Wednesday, October 15, 2014

Mrs. Stoner's Doubtful Family History

Winifred Sackville Stoner, jr.
How skilled was she at
Winfield Sackville Stoner, Jr. (also known as “Cherie”) was one of the early celebrities of the Esperanto movement, and although the Stoner family seems to have dropped out of Esperanto not longer they entered it, newspaper articles kept linking her to Esperanto. Her mother, Winifred Sackville Stoner was an education theorist, though other than teaching her daughter, there doesn’t seem to be any evidence that she based her theories on any evidence. She did state that little Winifred’s accomplishments were not due to genius but to to “natural education” (that is to say, her mother’s doing).

As I’ve noted before, I’m inclined to disbelieve the elder Stoner’s claims, because much that can be checked turns out to be false. The woman had a genius for self-mythologizing. In August 1910, the San Francisco Call reported that Mrs. Stoner was the daughter of Lord Sackville-West, but that claim didn’t stand up to scrutiny. By October, her ancestry had changed.

The Tacoma Times ran an article on October 15, 1910[1] about the younger Stoner that gives another account of her ancestry. It’s also spurious.
At Eight, She Talks 8 Tongues
Evansville, Ind., Oct. 14.[2]—Little Miss Winifred Sackville Stoner, jr., eight years old, converses fluently in seven languages and in others to a limited extent. Little “Cherie,” as she is called, is the product of the system of education advocated by John Stuart Mill and Prof. James of Harvard.

Ever since her birth she has had the association of cultured minds and the classics. At three weeks her instruction began. When less than a year old she could talk, and at two she learned to write. By the time she was three the child could manipulate a typewriter and had begun to study the classics and Greek mythology.

Mrs. Stoner, her mother, is at the head of the Woman’s Esperanto League of America.[3] When four years of age the baby was given a diploma by Dr. Ramenhof Russ[4] as one of the best Esperanto linguists in the country.[5]

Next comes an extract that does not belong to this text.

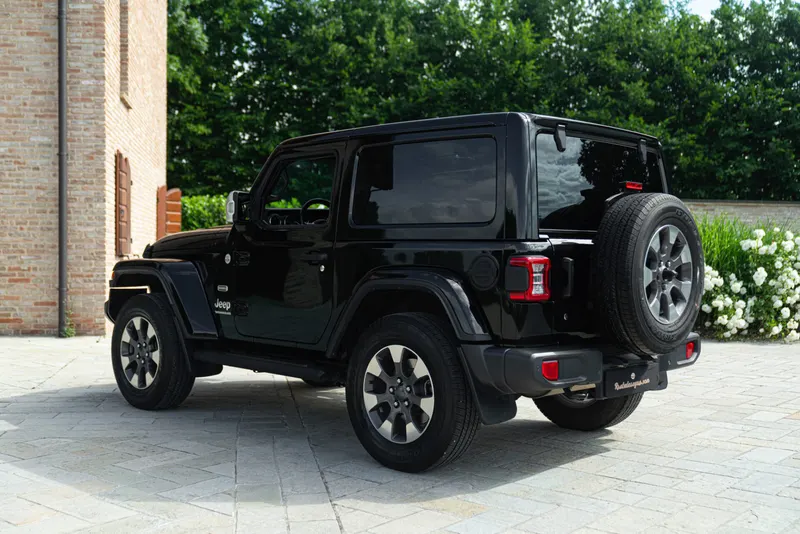 WRANGLER SAHARA 6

Winifred contributes frequently to newspapers and magazines. She won a silver medal from a child’s magazine last fall for her clever verse. Her book of “Jingles” was printed last year.

The prodigy is of English ancestry, being the granddaughter of Thomas Sackville and the grand niece of the late Lord Lionel Sackville West, of whose estate her mother is the heir. Mrs. Stoner is the author of “Castles in Spain.”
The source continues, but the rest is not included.